I’m wondering if anyone has experience, docs or benchmarks related to how OpenSearch generally performs when it comes to ML-based data such as models and dense vector data. Specifically looking for info on how the data is handled in regards to sharding and replication (if applicable) as well as memory, storage and other things to be aware of. I know some it will depend on the data itself, but am looking for general guidelines to consider. Apologies if this is too vague, I’ve poked around a bit in the docs and generally searching, but not finding a whole lot just yet.

I can help you getting some answers around your question.
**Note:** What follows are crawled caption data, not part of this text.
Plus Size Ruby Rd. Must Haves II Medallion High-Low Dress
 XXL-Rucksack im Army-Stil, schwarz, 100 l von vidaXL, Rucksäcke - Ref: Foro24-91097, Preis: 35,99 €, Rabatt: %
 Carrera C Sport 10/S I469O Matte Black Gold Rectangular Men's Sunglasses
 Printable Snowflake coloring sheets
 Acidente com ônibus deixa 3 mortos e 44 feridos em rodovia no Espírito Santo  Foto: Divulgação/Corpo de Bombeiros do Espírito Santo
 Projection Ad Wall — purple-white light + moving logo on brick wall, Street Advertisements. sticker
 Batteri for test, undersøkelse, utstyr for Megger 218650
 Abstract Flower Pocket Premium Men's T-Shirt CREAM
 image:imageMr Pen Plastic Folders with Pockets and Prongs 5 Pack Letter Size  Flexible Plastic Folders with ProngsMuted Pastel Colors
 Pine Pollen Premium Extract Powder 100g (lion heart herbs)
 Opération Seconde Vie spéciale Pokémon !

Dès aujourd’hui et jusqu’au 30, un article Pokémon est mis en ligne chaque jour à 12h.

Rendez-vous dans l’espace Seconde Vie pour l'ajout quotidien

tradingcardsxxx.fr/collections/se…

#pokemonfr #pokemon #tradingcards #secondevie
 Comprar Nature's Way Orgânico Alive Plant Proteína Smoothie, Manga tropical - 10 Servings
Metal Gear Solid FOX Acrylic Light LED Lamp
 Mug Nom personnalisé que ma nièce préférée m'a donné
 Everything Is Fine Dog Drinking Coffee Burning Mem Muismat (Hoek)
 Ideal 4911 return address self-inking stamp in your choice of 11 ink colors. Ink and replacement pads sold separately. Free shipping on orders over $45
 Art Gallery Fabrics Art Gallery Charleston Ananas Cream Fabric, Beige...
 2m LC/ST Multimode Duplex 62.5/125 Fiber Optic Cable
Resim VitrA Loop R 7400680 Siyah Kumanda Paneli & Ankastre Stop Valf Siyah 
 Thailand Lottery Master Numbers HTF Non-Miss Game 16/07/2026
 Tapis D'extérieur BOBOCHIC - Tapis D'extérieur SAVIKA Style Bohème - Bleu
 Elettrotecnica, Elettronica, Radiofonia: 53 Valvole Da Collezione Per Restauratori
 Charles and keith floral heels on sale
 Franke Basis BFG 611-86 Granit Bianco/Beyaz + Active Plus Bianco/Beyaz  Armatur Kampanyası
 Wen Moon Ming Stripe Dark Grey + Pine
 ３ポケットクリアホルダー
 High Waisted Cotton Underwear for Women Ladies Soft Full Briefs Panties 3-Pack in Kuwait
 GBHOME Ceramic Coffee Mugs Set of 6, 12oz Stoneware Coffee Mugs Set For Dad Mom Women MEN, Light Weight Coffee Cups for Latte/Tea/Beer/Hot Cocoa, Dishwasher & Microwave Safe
Adding some details, please let me know if you need more specific details i can share that too.

So in opensearch for ML the recommendation is having ML nodes in the cluster. Wherever there is a ML request, the request is sent to ML nodes. So no indexing non ML workloads are impacted if you are doing some ML work in cluster.

Also, currently ML models are running on CPU machines, but team is adding capabilities for GPU based machines also to run the ML workloads. This is upcoming feature, but you can always check here: Issues · opensearch-project/ml-commons · GitHub

More details around ML capabilities can be found here: About ML Commons - OpenSearch documentation

One usecase of ML that you might be interested is Semantics Search via Neural Plugin: Neural Search plugin - OpenSearch documentation

Thanks, that is helpful. I’m assuming, based loosely off reading the docs, that models get replicated across all the ML nodes?

I’m loosely familiar with the new Neural plugin, but not so sure on how to make it perform or scale.

yes the model is replicated across all ML nodes only. So once model is uploaded into OpenSearch cluster, to use the model you need to load the ML model. This will result into model get loaded into RAM of all ML nodes. So yes it get replicated and loaded on all ML nodes

@Navneet Thanks for sharing these information. Just share one update: we support running models on GPU machines from OpenSearch 2.6, read more GPU acceleration - OpenSearch documentation

@gsingers For this question " that models get replicated across all the ML nodes?" . It depends, if you load model via POST /_plugins/_ml/models/<model_id>/_load, the model will be deployed to all ML nodes. You can also deploy model to specific nodes by providing node ids like this

POST /_plugins/_ml/models/<model_id>/_load
    "node_ids": ["<node_id1>", "<node_id2>"]

@ylwu thanks for the correction. I was under impression it was not released may be I missed the release notes.

This topic was automatically closed 60 days after the last reply. New replies are no longer allowed.